Akar dari kerusakan hidup manusia adalah dosa (Rm 3:23). Ini mengakibatkan beberapa hal mewarnai temperamen atau watak seseorang yang pada gilirannya mewarnai perasaannya. Pertama, faktor keturunan. Anak-anak merekam karakter orang tuanya, sehingga perasaannya dipengaruhi oleh karakter itu. Kedua, lingkungan. Pendidikan, keluarga, pergaulan dan sebagainya mempengaruhi warna perasaan seseorang. Ketiga, pengalaman masa lalu. Pengalaman yang menyenangkan maupun yang traumatis turut membentuk kepribadian seseorang.
Karena temperamennya yang mempengaruhi perasaan seseorang jika diperhadapkan dengan suatu situasi, ada orang yang gampang tersinggung, gila hormat, selalu minder, merasa tertolak, gampang marah dan lain sebagainya. Ini merupakan perasaan yang sakit dan tak jarang melukai perasaan orang di sekitarnya, bahkan menimbulkan bencana.
Kita harus sadar bahwa tatkala kita bertobat, maka Tuhan Yesus telah menebus seantero diri kita, termasuk perasaan kita yang ada dalam jiwa kita. Artinya kita bukan lagi milik kita sendiri (1Kor 6:19-20), sehingga tidak ada alasan lagi bagi kita untuk memanjakan perasaan kita. Tidak bisa lagi kita mengatakan, “Memang saya dari dulu orangnya begini”, sebab kita tidak memiliki diri kita lagi.
Memanjakan perasaan kita berarti mengorbankan kepentingan yang lebih besar, yaitu kepentingan Tuhan sendiri. Dalam hal ini kita harus mengerti bahwa manusia lama kita telah turut disalibkan dengan Kristus, sehingga kita tidak boleh lagi menghambakan diri pada dosa. Yang disalibkan bukan hanya pikiran dan keinginan kita, melainkan juga perasaan kita.

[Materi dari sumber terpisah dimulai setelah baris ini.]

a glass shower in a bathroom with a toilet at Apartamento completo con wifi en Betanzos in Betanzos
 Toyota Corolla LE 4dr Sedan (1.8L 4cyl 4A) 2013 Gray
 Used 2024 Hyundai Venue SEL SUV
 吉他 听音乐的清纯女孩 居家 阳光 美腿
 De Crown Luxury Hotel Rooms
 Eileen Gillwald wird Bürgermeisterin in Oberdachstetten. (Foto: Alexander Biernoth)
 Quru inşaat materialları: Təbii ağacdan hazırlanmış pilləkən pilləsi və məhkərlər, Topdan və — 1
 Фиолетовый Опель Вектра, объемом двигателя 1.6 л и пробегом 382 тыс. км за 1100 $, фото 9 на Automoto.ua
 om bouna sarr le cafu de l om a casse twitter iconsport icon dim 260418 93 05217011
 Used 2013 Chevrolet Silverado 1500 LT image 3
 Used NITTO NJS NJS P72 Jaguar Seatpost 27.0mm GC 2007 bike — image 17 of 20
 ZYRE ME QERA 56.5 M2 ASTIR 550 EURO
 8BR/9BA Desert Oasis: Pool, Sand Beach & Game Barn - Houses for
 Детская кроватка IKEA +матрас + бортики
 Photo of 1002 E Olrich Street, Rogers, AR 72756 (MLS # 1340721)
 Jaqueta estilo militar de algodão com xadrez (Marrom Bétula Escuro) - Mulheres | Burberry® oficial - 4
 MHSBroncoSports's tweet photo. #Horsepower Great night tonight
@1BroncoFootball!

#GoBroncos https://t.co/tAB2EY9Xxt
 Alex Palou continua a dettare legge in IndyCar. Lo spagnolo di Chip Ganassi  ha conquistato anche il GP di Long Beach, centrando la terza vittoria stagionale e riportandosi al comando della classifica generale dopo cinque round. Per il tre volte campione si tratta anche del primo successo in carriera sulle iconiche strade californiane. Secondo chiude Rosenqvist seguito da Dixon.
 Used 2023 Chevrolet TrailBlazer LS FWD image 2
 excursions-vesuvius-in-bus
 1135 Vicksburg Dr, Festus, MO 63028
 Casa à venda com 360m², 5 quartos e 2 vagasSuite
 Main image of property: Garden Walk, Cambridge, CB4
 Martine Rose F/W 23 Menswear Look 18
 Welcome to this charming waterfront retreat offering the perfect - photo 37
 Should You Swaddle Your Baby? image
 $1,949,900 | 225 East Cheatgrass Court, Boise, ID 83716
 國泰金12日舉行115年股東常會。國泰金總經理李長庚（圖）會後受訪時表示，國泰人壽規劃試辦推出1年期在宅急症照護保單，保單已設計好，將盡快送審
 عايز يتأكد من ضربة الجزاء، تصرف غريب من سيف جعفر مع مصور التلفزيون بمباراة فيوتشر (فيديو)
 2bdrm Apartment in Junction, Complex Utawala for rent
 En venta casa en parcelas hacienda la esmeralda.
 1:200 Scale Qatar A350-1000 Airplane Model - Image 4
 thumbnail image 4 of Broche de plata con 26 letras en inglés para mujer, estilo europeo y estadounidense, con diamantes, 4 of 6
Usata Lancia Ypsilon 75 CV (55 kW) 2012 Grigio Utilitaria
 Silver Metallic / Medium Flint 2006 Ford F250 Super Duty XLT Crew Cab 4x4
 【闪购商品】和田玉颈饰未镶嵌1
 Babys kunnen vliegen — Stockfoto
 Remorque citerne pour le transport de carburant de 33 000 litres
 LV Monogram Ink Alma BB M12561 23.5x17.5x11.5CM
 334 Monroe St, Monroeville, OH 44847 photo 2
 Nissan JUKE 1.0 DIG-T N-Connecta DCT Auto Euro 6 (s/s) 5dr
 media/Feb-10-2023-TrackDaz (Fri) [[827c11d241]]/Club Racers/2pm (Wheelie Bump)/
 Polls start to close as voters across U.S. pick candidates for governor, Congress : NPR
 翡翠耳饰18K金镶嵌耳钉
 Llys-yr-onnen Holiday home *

Dengan mengakui bahwa kita telah mati bagi dosa dan dibangkitkan dalam hidup yang baru, maka perasaan-perasaan negatif kita juga telah mati. Memanjakan perasaan-perasaan itu berarti melestarikan kepuasan diri kita, padahal semestinya tidak ada lagi kepuasan diri yang kita sisakan, sebab apabila Yesus Kristus menjadi Tuhan kita, berarti Ia juga Majikan atau Penguasa atas perasaan kita. Demi kepentingan-Nya, kita harus rela berbuat apa saja.
Berapakah harga perasaan kita sebenarnya? Seharga salib Tuhan Yesus, karena kita telah disalibkan bersama dengan-Nya. Dengan menyadari hal ini, maka kita tidak akan memanjakan perasaan kita yang berakibat gagal menjadi berkat bagi orang lain; sebaliknya kita akan terus-menerus belajar dan berusaha mengenakan pikiran dan perasaan Kristus (Flp 2:5).